Indefinite integrals are a way to find antiderivatives of functions. When you integrate a function, you are essentially finding a function whose derivative gives you the original function. This is the reverse of differentiation. There's no need to specify bounds in an indefinite integral because it represents a family of functions, each differing by a constant. The general form for an indefinite integral is

• \( \int f(x) \, dx = F(x) + C \)
• where \( F(x) \) is the antiderivative of \( f(x) \)
• \( C \) is the constant of integration.

The goal is to find \( F(x) \) such that \( F'(x) = f(x) \). To solve an indefinite integral, use techniques like substitution or recognize standard integral forms. Remember, since the derivative of a constant is zero, any constant may appear in the solution.
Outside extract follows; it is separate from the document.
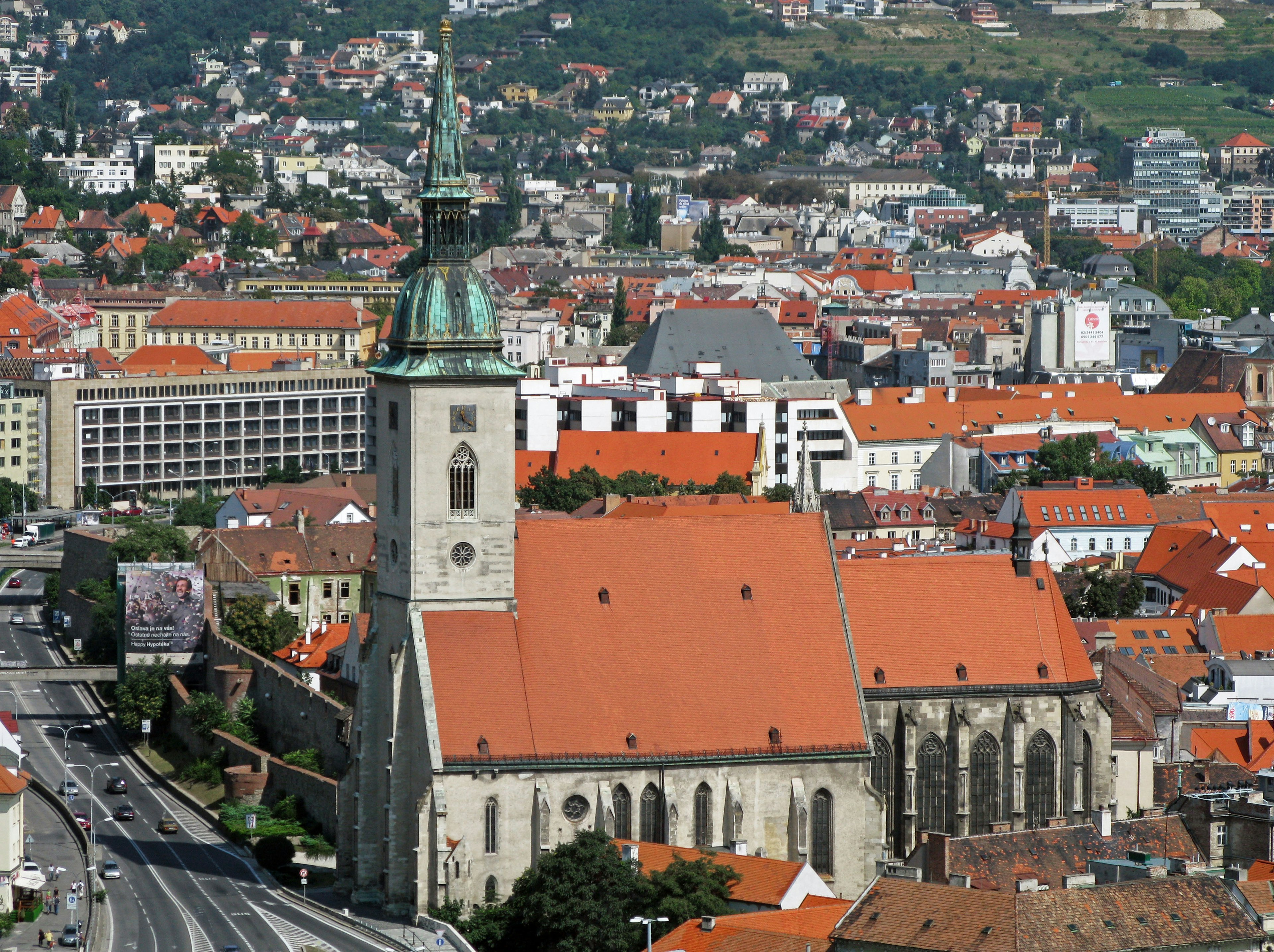 A large church amidst a cityscape with orange rooftops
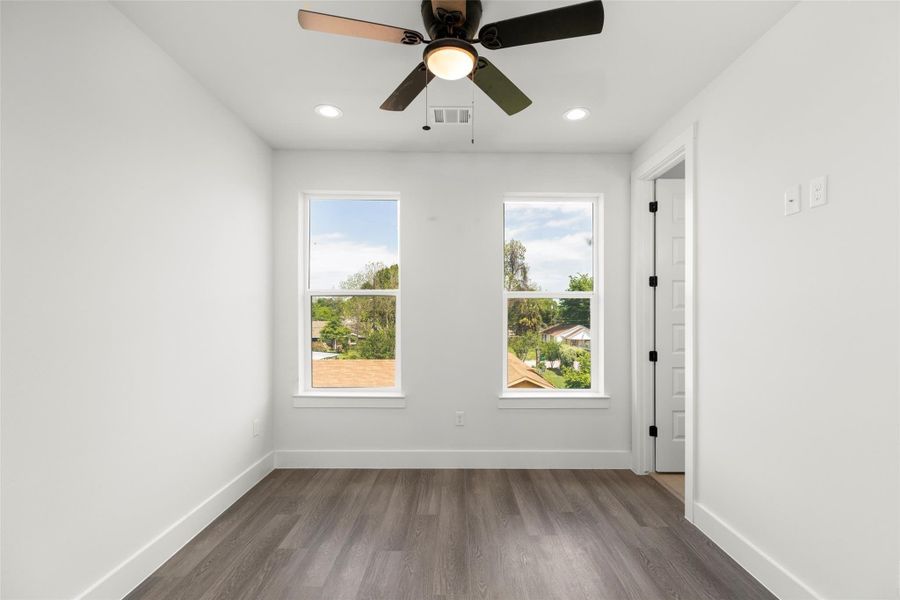 Secondary bedroom with large windows providing plenty of natural light. Secondary bedroom with large windows providing plenty of natural light.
The substitution method is a valuable technique to simplify integrals when direct integration isn't straightforward. It essentially replaces part of the integral with a new variable, eliminating complexity. The key steps include:

• Identify part of the integral as a function \( u(x) \), typically within a composite function.
• Express \( dx \) in terms of \( du \); commonly, you find \( du = u'(x) \, dx \).
• Transform the integral using \( u \) and \( du \), which simplifies computation.
• Integrate with respect to \( u \).
• Back-substitute \( u \) to express the result in terms of the original variable.

For example, if faced with \( \int \cos(2x - 1) \, dx \), setting \( u = 2x - 1 \) simplifies the expression. Differentiating, \( du = 2 \, dx \) leads to \( dx = \frac{1}{2} \, du \). Substituting these into the integral transforms it into a simpler form, \( \frac{1}{2} \int \cos(u) \, du \), which is more straightforward to compute.

Trigonometric integrals involve integrals of trigonometric functions like sine, cosine, and tangent. These integrals can often be daunting because of their repetitive and oscillating nature but are quite manageable once familiar with certain patterns and rules.

• The integral of \( \cos(u) \) is \( \sin(u) + C \).
• The integral of \( \sin(u) \) is \( -\cos(u) + C \).
• Integrals for tangent, cotangent, secant, and cosecant have their respective antiderivative forms.

The trick to managing trigonometric integrals, particularly when substitution comes into play, involves recognizing the function type and appropriate substitution that makes the integral simpler. In our example integral \( \int \cos(2x - 1) \, dx \), after substitution, it reduces to \( \int \cos(u) \, du \), which integrates directly to \( \sin(u) + C \). Finally, replace \( u \) with \( 2x - 1 \) to return to the original variable. Learning these integral basics unravels much larger and complex problems.